Healthcare-seeking behavior can be influenced by the availability, quality and price of services, as well as social group, health views, residences, and personal features of the users.[5],[6] In addition, people's choice of healthcare differs in sociodemographic, socioeconomic, and cultural compositions which affect their healthcare-seeking behavior.[7]

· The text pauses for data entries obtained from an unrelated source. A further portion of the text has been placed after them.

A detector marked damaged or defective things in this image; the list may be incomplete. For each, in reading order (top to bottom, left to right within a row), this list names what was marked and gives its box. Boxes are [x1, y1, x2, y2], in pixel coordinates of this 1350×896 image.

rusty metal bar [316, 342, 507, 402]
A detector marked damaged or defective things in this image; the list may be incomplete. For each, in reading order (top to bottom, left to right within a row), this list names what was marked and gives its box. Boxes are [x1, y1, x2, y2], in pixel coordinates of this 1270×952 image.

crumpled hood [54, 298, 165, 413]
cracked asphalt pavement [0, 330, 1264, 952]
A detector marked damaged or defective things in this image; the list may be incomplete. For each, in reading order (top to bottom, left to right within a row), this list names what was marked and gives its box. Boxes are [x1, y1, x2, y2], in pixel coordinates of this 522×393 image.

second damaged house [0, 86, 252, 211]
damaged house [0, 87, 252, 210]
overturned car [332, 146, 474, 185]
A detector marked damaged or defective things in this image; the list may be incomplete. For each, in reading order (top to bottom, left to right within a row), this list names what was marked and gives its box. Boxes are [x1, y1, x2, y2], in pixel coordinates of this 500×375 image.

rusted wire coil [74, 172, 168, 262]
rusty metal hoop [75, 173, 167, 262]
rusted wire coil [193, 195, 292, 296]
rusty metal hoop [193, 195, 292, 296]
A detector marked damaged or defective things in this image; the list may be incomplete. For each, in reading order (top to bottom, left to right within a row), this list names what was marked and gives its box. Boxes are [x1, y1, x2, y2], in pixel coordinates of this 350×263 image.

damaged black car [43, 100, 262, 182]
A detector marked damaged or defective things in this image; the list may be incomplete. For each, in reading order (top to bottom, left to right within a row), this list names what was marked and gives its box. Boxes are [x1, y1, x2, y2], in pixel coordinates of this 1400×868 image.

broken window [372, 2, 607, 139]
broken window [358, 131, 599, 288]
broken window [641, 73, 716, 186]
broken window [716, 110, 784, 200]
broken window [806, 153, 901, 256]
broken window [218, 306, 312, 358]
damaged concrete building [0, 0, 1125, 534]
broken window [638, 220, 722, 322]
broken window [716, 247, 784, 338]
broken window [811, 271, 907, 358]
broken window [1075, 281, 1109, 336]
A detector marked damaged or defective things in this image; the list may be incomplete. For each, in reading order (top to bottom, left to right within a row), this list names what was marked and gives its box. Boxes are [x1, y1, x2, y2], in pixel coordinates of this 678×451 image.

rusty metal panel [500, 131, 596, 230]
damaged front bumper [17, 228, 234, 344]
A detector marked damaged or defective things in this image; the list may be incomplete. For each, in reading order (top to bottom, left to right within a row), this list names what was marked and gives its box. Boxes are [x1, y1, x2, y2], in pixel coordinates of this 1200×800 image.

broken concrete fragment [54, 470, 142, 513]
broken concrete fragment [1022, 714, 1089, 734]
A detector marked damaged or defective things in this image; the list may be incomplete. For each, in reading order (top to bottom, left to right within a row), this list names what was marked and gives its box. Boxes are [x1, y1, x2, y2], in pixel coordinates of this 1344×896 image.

The low level of education of most respondents in this study may be because Abakaliki is inhabited mostly by agrarians with low-socioeconomic index and as such most people instead of going to school ventured into agriculture, petty trading, and roadside mechanic. This resulted to a very low-mean monthly income of ₦15,277 (Nigerian Naira). This finding is at variance with that in Kogi, Nigeria, where a significant proportion of the respondents had postsecondary education with relatively higher mean monthly income.[8] Although the large proportion of respondents attained low educational level, significantly high proportion had a relatively shorter period of delay before seeking medical care when ill. This finding is in contrast with other findings where a short period of delay before seeking medical care was found among those with higher educational attainment.[8] Early presentation to a place of medical care is likely to reduce complications arising from such illnesses and also to some extent reduce cost.

Almost half of the respondents delayed seeking medical treatment because they thought that the illness was minor and that they would get over the ailment without treatment while a quarter of respondents delayed because of lack of money for the treatment. Therefore, wider coverage of National Health Insurance Scheme could be an approach to ensure that many Nigerians overcome the challenge of out-of-pocket payment for medical bills. The World Health Organization promotes the principle that whatever system of health financing a country adopts, it should not deter people from seeking and utilizing health services.[9],[10] This then means that payment at the point of service could be eliminated or at least be related to ability to pay.

Majority of the respondents sought medical care in the pharmacy shops and or patent medicine stores when ill. This finding is similar to that found in a study on healthcare-seeking behavior among women in Southeast Nigeria which showed that most respondents sought medical care at patent medicine stores followed by the visit to the government hospitals.[11] Patent medicine shops are numerous in our environment and provide quick response to clients without the protocol of opening treatment cards and detailed documentation as obtains in the hospital. This is regarded as quackery in our context and should be prohibited by law. It could make clients prone to polypharmacy, inadequate treatment, and drug resistance.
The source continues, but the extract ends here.